**** Exercise material

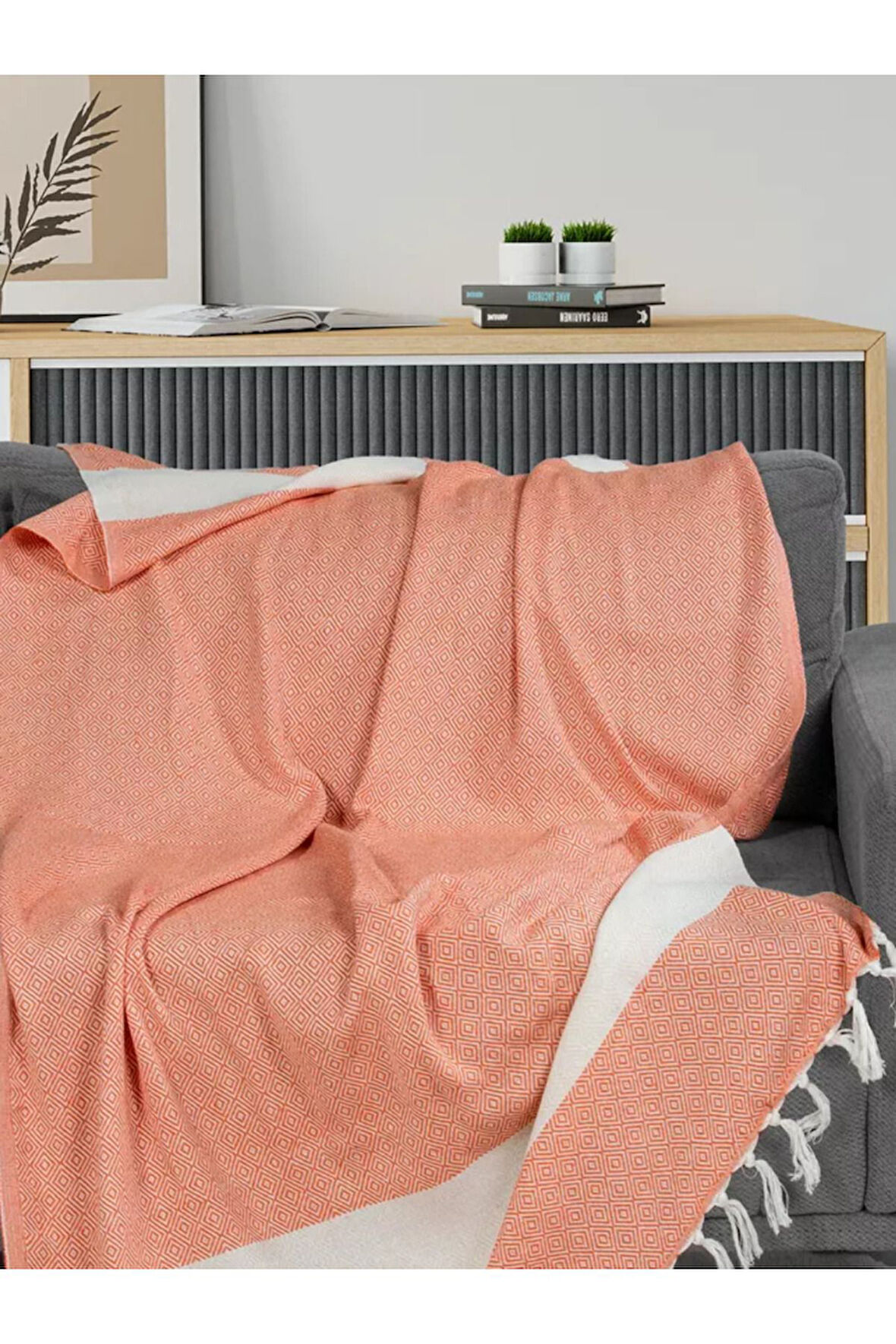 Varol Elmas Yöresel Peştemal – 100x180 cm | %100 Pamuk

********
**** Exercise material

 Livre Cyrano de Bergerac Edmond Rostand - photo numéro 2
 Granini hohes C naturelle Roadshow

********

= Work instruction =
Give again exactly, and only, the lines above starting at the one with "Livre Cyrano de" and ending at the one with "Granini hohes C naturelle Roadshow".

= Answer to this task =
 Livre Cyrano de Bergerac Edmond Rostand - photo numéro 2
 Granini hohes C naturelle Roadshow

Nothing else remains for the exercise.